───── Input records ─────

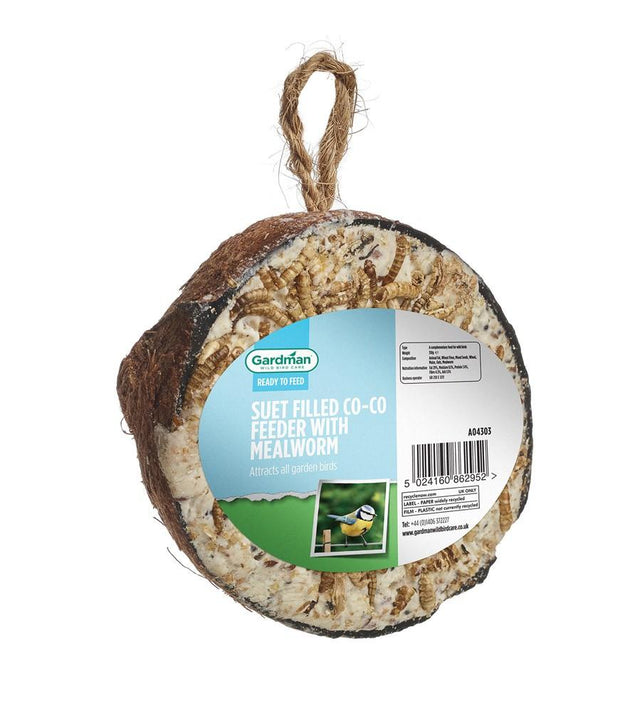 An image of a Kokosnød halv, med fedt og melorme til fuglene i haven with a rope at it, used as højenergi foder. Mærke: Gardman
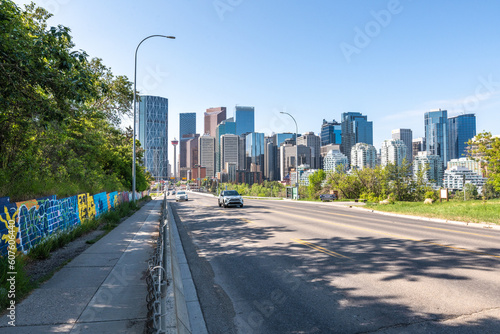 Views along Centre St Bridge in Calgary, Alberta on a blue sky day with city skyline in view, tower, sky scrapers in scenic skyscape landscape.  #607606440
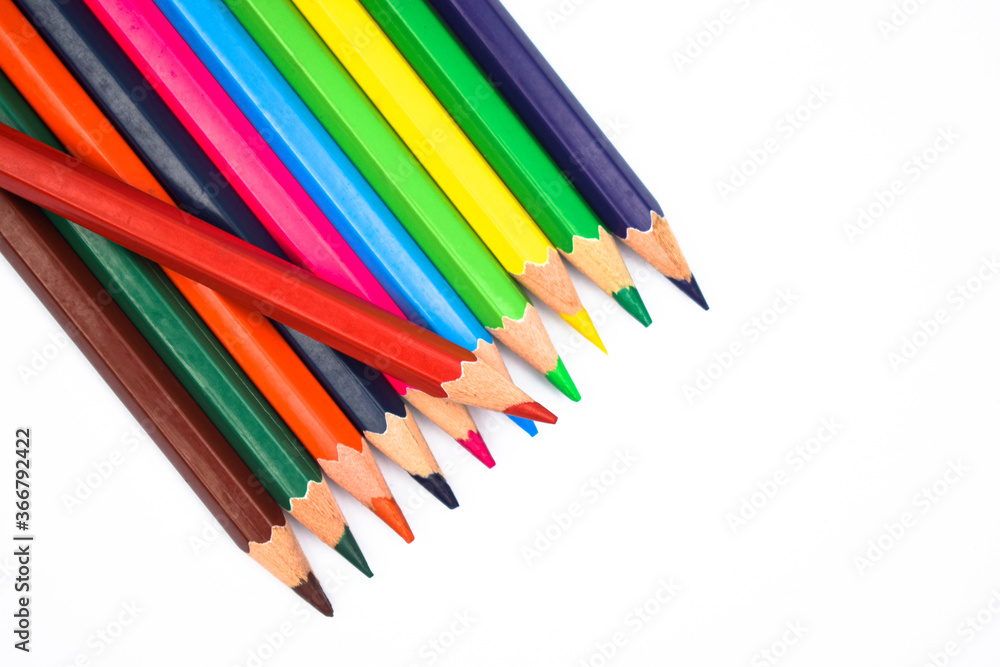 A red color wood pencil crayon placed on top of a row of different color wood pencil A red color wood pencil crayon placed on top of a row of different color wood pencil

─────
───── Input records ─────

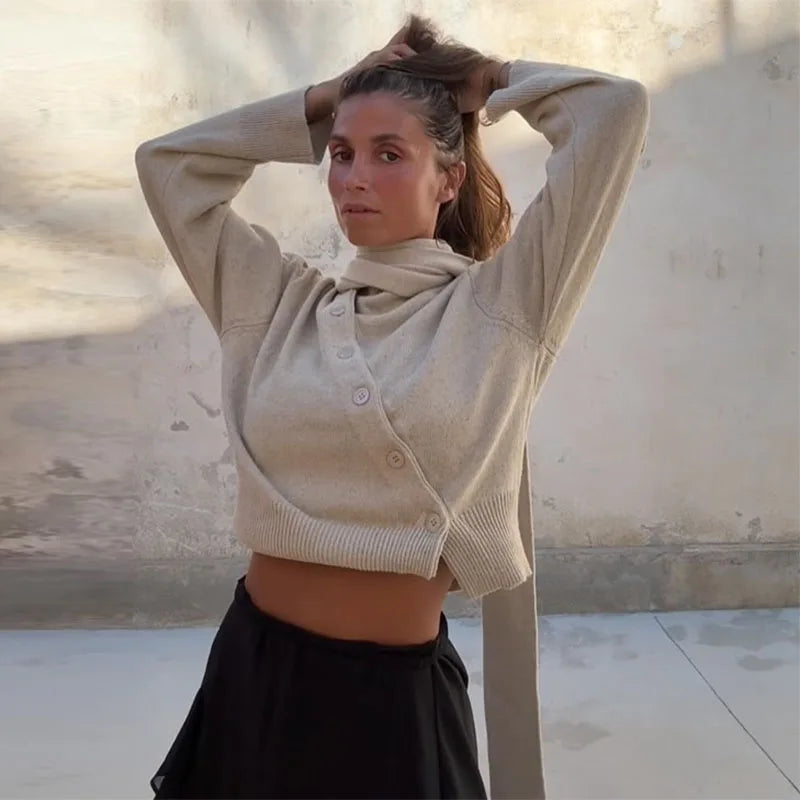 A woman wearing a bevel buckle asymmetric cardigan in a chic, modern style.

─────
───── Input records ─────

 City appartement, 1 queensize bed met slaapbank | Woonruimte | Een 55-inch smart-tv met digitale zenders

─────

• What is being asked
Copy the listing above exactly, but only from the line with "An image of" through the line with "wood pencil A", including those two lines and excluding any picture.

• Task output
 An image of a Kokosnød halv, med fedt og melorme til fuglene i haven with a rope at it, used as højenergi foder. Mærke: Gardman
 Views along Centre St Bridge in Calgary, Alberta on a blue sky day with city skyline in view, tower, sky scrapers in scenic skyscape landscape.  #607606440
 A red color wood pencil crayon placed on top of a row of different color wood pencil A red color wood pencil crayon placed on top of a row of different color wood pencil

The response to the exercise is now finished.